Soil Erosion Control Activities
Placer County once again, grew at a very rapid rate in the earlier part of 2007, resulting in the increased number of construction sites as well as increased erosion and sediment transport potential.
The RCD maintained contracts and/or working agreements with Placer County and the City of Auburn. The RCD retains a Certified Professional in Erosion and Sediment Control (CPESC) to review erosion and sediment control plans and to provide effective on-site erosion and sediment control Best Management Practices (BMPs) recommendations.
In 2007, the RCD provided erosion control recommendations on 48 various types of construction projects on over 2,000 acres of ground, including areas within Squaw Valley, NorthStar, Meadow Vista, Auburn, and other areas within Western Placer County. Additionally, the RCD provided erosion control recommendations on over 30 individual home sites within Placer County.
A typical construction site can easily discharge 10 to 20 tons of soil, per acre, per year, into the watershed. A well-vegetated, protected acre of soil will result in only 2 to 5 tons of sediment discharge per year. It’s estimated that the implementation of erosion and sediment control practices may have prevented more than 10,000 tons of soil (or roughly 8,000 cubic yards) of soil from discharging into Placer County watersheds.

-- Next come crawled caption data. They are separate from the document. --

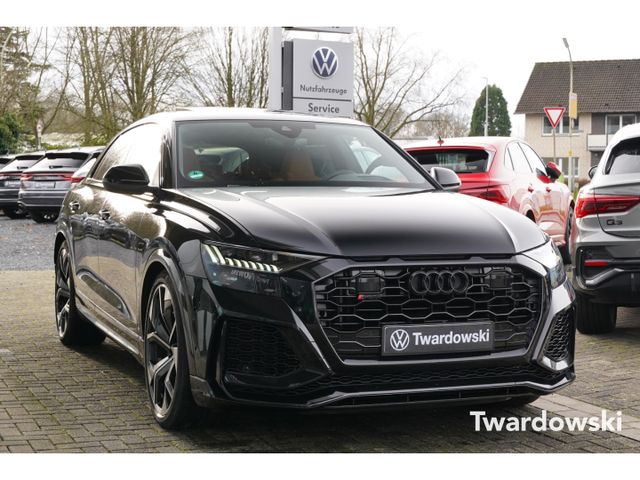 Audi RSQ8 Dynamik 23'' Matrix ACC PANO B&O AHK Massag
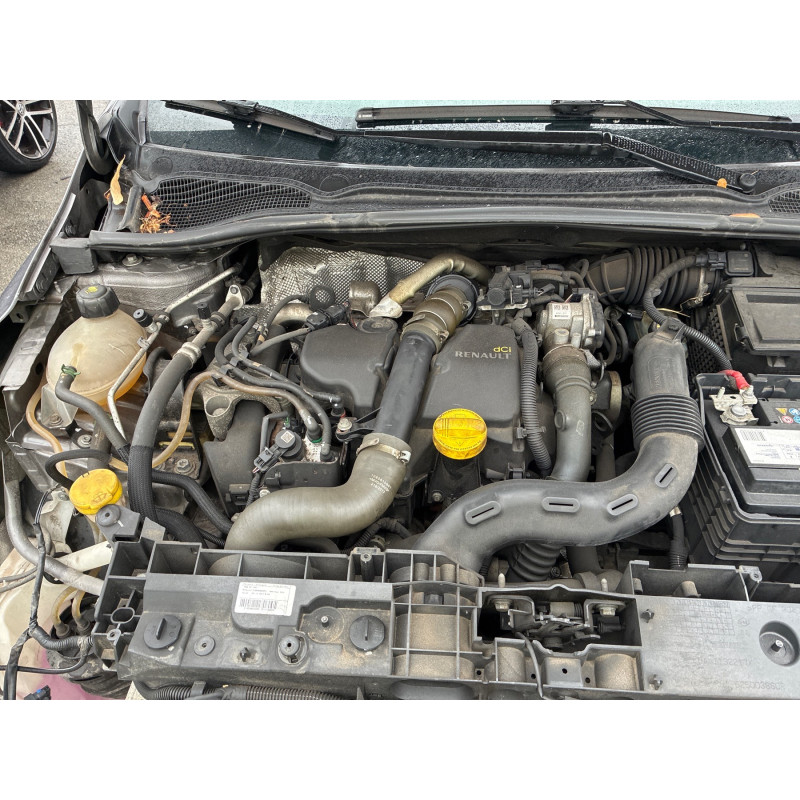 RENAULT CLIO 4 PHASE 1 1.5 DCI - 8V TURBO Photo n°15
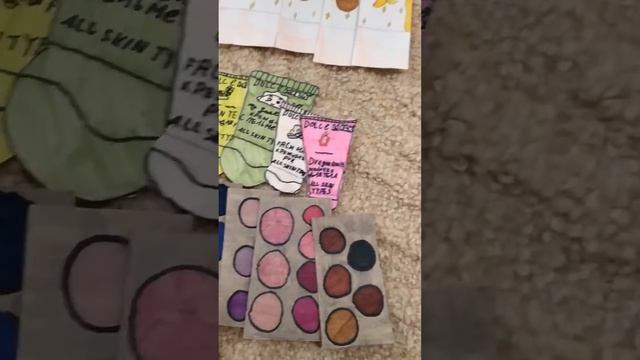 собираем красный бокс ??❤️????? смотреть онлайн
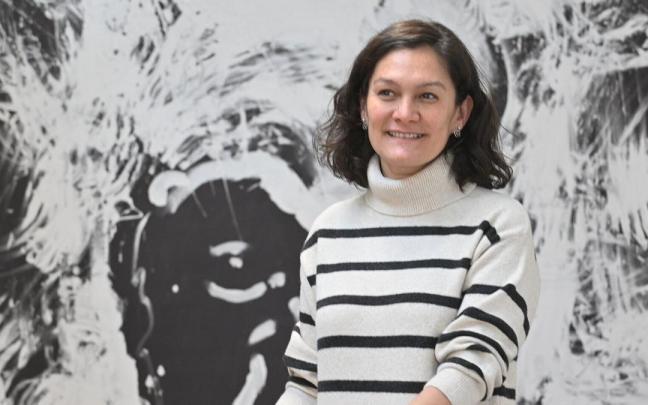 Mary Tere Guzmán es directora ejecutiva de Alboan desde septiembre de 2023.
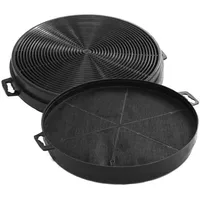 Keenberk Ersatz-Aktivkohlefilter passend zu NEFF Z5115X5 Z5115X1 Z5115X0
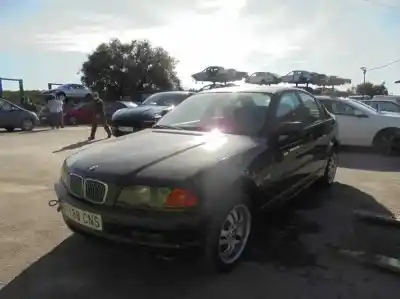 Veículo de Sucata bmw serie 3 berlina (e46) 2.0 16v diesel cat do ano 2000 alimentado 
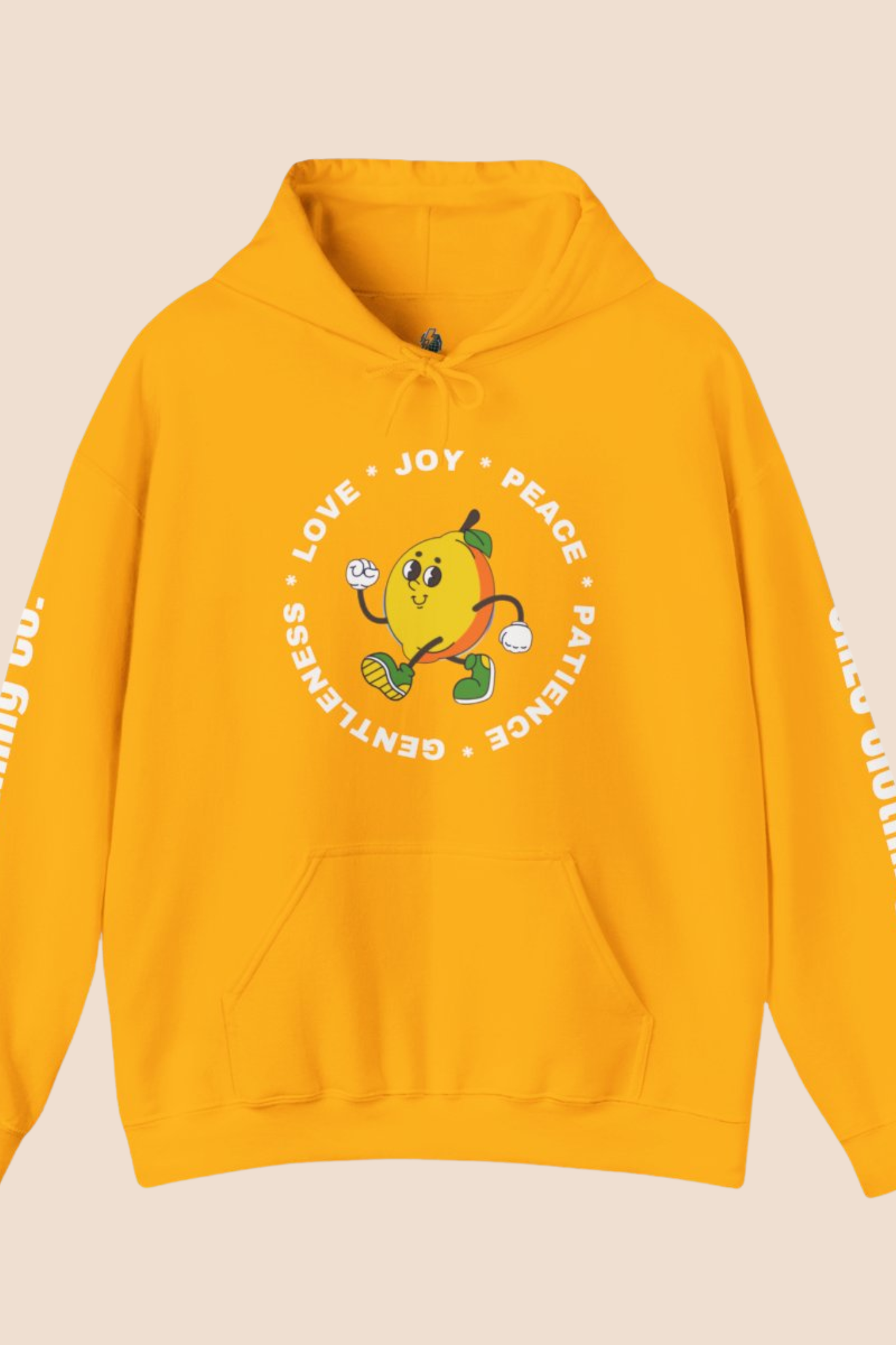 "Life of Lemons" Unisex Hoodie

The NRCS continues to manage three contracts for wetland restoration through their Wetland Reserve Program with 890 acres to be restored and encompassing two perpetual easements and one thirty year easement.

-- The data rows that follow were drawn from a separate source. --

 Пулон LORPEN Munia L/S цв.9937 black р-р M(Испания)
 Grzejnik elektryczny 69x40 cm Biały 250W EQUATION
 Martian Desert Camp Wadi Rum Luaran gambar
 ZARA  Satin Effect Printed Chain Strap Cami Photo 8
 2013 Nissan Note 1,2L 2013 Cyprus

Irrigation Water Management
The District’s Certified Irrigation Auditor continues to provide irrigation system evaluations and irrigation water management recommendations to local landowners. The process improves irrigation system efficiencies, thereby conserving water and reducing runoff. In 2007 the RCD staff provided assistance to over 14 landowners on more than 460 acres.
Irrigation Management System Project
The RCD assisted the Placer County Water Agency with the implementation of their Irrigation Management System (IMS) project. Seven landowners were selected to have neutron probes installed within their irrigated crops/orchards. The probes monitor soil moisture and compare water application rates versus the crop/orchard water usage. The IMS project, funded through a grant from the Calif. Department of Water Resources, will help producers determine the appropriate intervals at which to irrigate.
Important Achievements In 2007
- Under contract with Placer Co. Parks Department, the RCD provided erosion and sediment control Best Management Practices (BMPs) recommendations on the newly opened “Hidden Falls Park”. The property was obtained through the “Placer Co. Legacy Program” and consists of 383 acres with more than 5.3 miles of trails.
- Reviewed and provided input to the Parks Department on the erosion and sediment control plan for the Franklin School Community Park. Construction began in 2007. The RCD met on-site and reviewed erosion and sediment control concepts with Parks and the contractor.
- Washoe Fire: The RCD assisted the Tahoe RCD, Placer County and the Tahoe Regional Planning Agency on development of “post fire” erosion and sediment control Best Management Practices on the Washoe Fire site.
- Inventory: Placer County is required to inventory “outfalls” within the Tahoe Basin and Truckee areas. “Outfalls” are defined as the last County maintained drainage feature leaving the County’s jurisdiction. The RCD helped define “outfall”, map outfalls, and field check outfalls using a Global Positioning System.